But this was an imprecise statement on the Court's part, in a case
where the basis for the count wasn't at issue. Even Baker and
Stonecipher don't take it seriously, because they think the Census
should count not just voters, not just voting age citizens, not just
all citizens (note that the [6]percentage of Americans under 18 varies
from 22.3% in West Virginia to 32.2% in Utah, so there is a
substantial difference between counting voting age citizens and all
citizens), but all citizens plus legal permanent residents.
Plus the constitutional text expressly doesn't limit itself to voters,
but instead talks about persons generally. In the Framers' time, some
states had considerably fewer voters per capita than others, because
they had higher property qualifications for voting. (I believe that
the percentage of the white male adult citizen population eligible to
vote ranged from 60% in some states to 90% in others.) "Equality for
each voter" would have meant those states would get fewer
representatives.
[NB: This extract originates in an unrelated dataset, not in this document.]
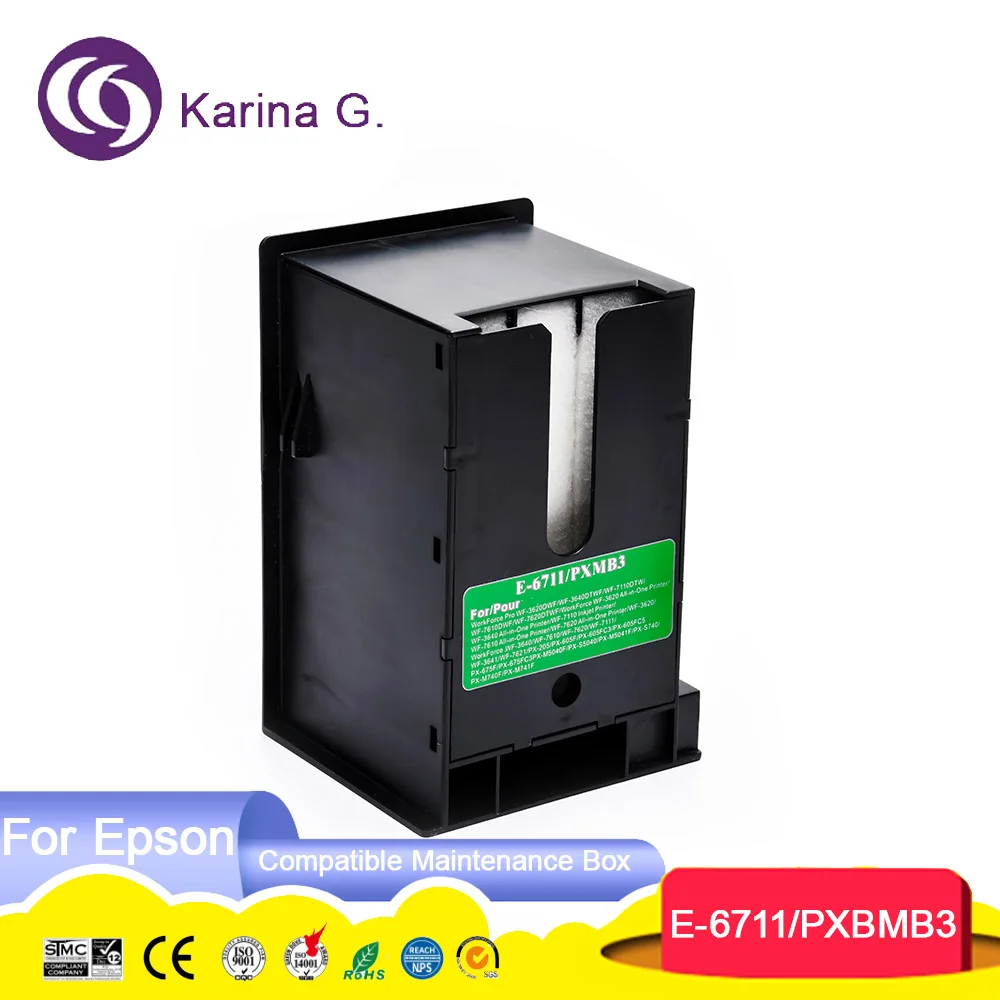 

6711 T6711 C13T671100 PXMB3 Совместимый резервуар для отработанных чернил для принтера Epson Workforce WF 7610 7620 WF-3640 PX-M5040F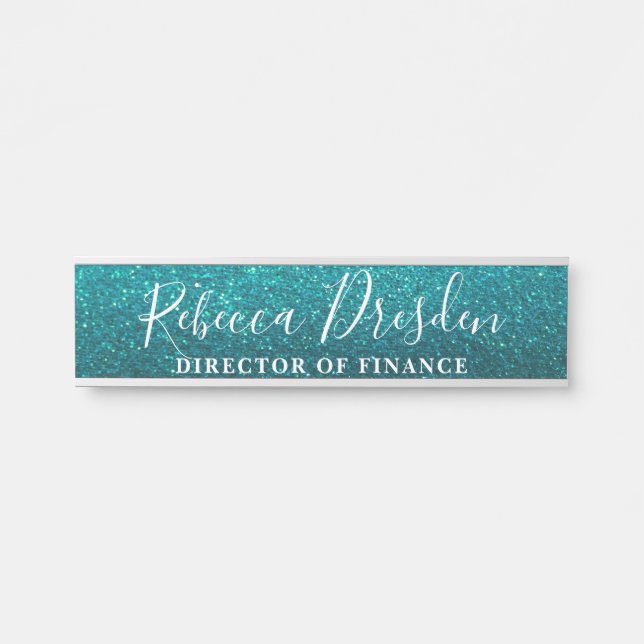 Aqua Glitter Professional Office Executive Boss Door Sign (Front)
Yet the framers expressly rejected that position by
calling for representation by total population (with special provision
for slaves), not by voting population.
So it seems to me that it is the op-ed's proposal that would likely be
unconstitutional, and the current Census scheme is likely
constitutionally permissible. And even if the text is ambiguous enough
to leave Congress with the flexibility to choose either approach (and
I don't think that's so), the current approach seems to be at least
one of the constitutionally permissible options.
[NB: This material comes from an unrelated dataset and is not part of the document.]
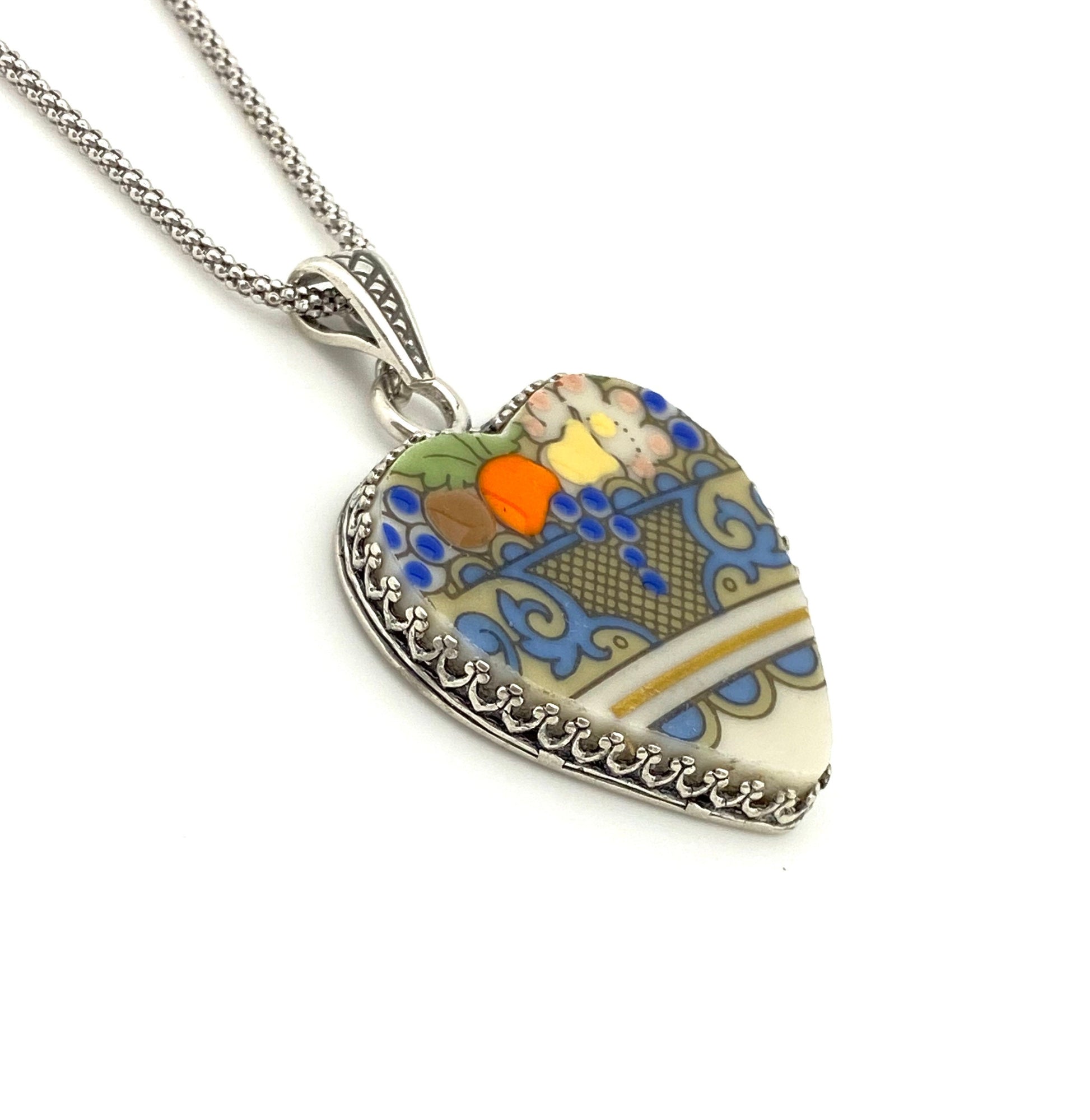 Lenox Autumn China, Statement Victorian Heart Necklace, Broken China Jewelry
([7]Show the original full Baker / Stonecipher draft.)
The full Baker / Stonecipher draft, posted with Prof. Baker's and the
Journal's permission:
WILL THE 2010 US CENSUS DEFRAUD MANY STATES OF REPRESENTATIVES IN
CONGRESS AND VOTES IN THE ELECTORAL COLLEGE?
Through ignorance and arrogance, the Census Bureau is poised again to
defraud a number of States of one or more members in the House of
Representatives to which they should be entitled by the Constitution.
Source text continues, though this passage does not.